“The swoon-worthy Roman backdrop, filled with plenty of sunsets, cathedrals, and villas, reflects the classic romantic themes of love, sacrifice, and redemption.”
Romance is in love with Rome. In fact, the word romance originates from the Latin word romanicus, which means “of the Roman style.” It indicates a style of storytelling that focuses on chivalry and love, exactly what author Lisa Scottoline delivers in her most recent novel set in World War II-era Rome, Eternal.
Scottoline paints for readers an intimate view of life in Rome from the time that Mussolini becomes dictator up until his defeat. The story contrasts the city’s ancient architecture and vibrant culture against the rising danger of the fascist movement and the secret resistance against the Nazi invaders.
The story alternates between three star-crossed teenagers—Marco, Sandro, and Elisabetta—who face unique moral dilemmas as they come of age in the Eternal City. The story merges the coming-of-age narrative with a love triangle and a heaping spoonful of suspense. Readers will find the swoon-worthy Roman backdrop, filled with plenty of sunsets, cathedrals, and villas, reflecting the classic romantic themes of love, sacrifice, and redemption. Anyone who wants to understand the struggles of WWII or experience life in Italy would love this book. This would be a good fit for fans of Adriana Trigiani, Lisa Wingate, and Pam Jenoff.
Sandro finds himself at an intersection between his Jewish identity and his Italian identity. His family is ardently loyal to Italy and the fascist party, but then are surprised when the new Race Laws suddenly criminalize them. They learn that their own political party is trying to commit genocide against them, despite their years of dedication. Sandro, who has always loved the Elisabetta, must choose to separate from her because he does not want to drag her into further persecution.
Marco’s navigates a dilemma between his loyalty to Italy and his loyalty to his Jewish friends. As an impressionable child, Marco was brainwashed to love fascism and to worship Mussolini. He waited eagerly for the day when he could wear the fascist uniform, but as he slowly learns to think for himself and realizes the atrocities his government is committing against the Jewish community. When the Italian government starts to persecute his best friend, Sandro, for his Jewish heritage, Marco must realize the error of his ways and redeem himself.
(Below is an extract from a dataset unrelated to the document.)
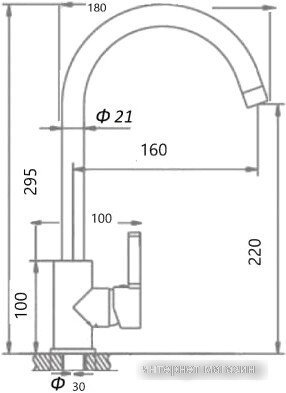 Смеситель Wisent WP40240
Elisabetta comes from a family damaged by alcoholism. Lacking a mother figure, she must learn for herself what it means to be a woman and what a healthy relationship looks like, because she has never seen one before in her own home. She is driven by her passion for writing and wants to be a novelist one day, though this part of her is not explored very much. Her romantic interests alternate between Sandro and Marco, and she must choose between them.
One criticism is that Elisabetta seems like the least-developed of the three main characters. At her worst, she just serves the romantic interests of the two male characters. She is given some agency through her aspiration of becoming a writer, and her Nonna teaches her about being independent, though this is forgotten as we spend most of the book focused on the dilemmas facing Marco and Sandro.
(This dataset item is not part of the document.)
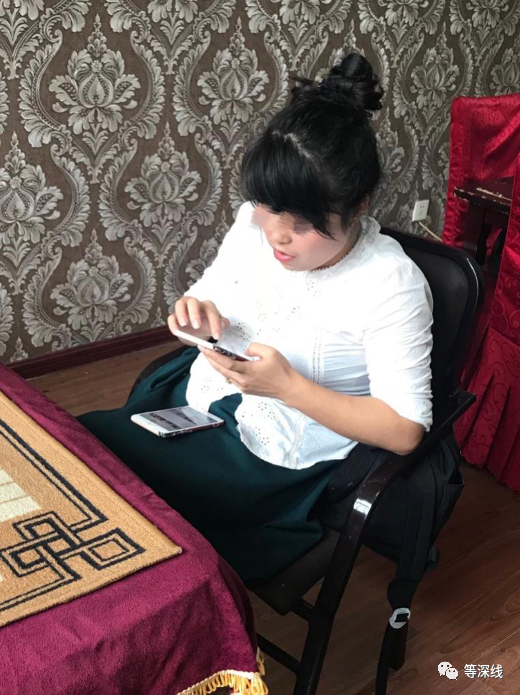  “可乐”是一名湖南籍90后。&nbsp;上官正义供图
In the first half of the book, Mussolini becomes the villain for his increasingly evil edicts, though in the second half he fades from the picture. Readers might finish the book, but still be left waiting for the satisfaction of seeing Mussolini captured and arrested in 1945, though readers receive no mention of it.
This book provides a refreshing update to the love triangle narrative, which can sometimes be outdated. Usually, a love triangle features two men locked in intense competition over a woman. Both men are consumed by jealousy, viewing the woman as a prize to be won; however, in this book the characters retain the structure of the love triangle while still acting like reasonable adults. In one scene, Sandro and Marco honestly discuss their mutual feelings for Elisabetta and agree to remain friends and not let their feelings divide them. Instead of boorishly competing for Elisabetta, both men agree to let Elisabetta choose for herself and to accept her decision without giving into jealousy.
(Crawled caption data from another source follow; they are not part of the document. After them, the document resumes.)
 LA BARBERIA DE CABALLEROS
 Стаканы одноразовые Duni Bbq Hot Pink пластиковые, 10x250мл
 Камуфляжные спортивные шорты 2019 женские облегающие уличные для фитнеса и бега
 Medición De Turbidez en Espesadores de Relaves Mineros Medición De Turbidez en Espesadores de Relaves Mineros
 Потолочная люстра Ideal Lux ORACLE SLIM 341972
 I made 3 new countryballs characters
“Our friendship is strong enough to withstand a test, don’t you think?”
Marco thought it over, for it was a serious question. “Absolutely,” he answered, after a moment.
“I don’t mind a friendly competition, do you?”
“No. If I have to compete for Elisabetta, so be it. You’re worthy of her. If it isn’t to be me, I want it to be you.”
“I feel the same way. May the better man win.”
In addition, the book utilizes the city of Rome to create a very strong sense of place, which makes the book double as a vacation. The book immerses readers in local food, music, architecture, plants, and language. The title also draws from Rome’s nickname as the Eternal City, emphasizing the city’s central role as the book’s main romantic character, proving you cannot have romance without Rome.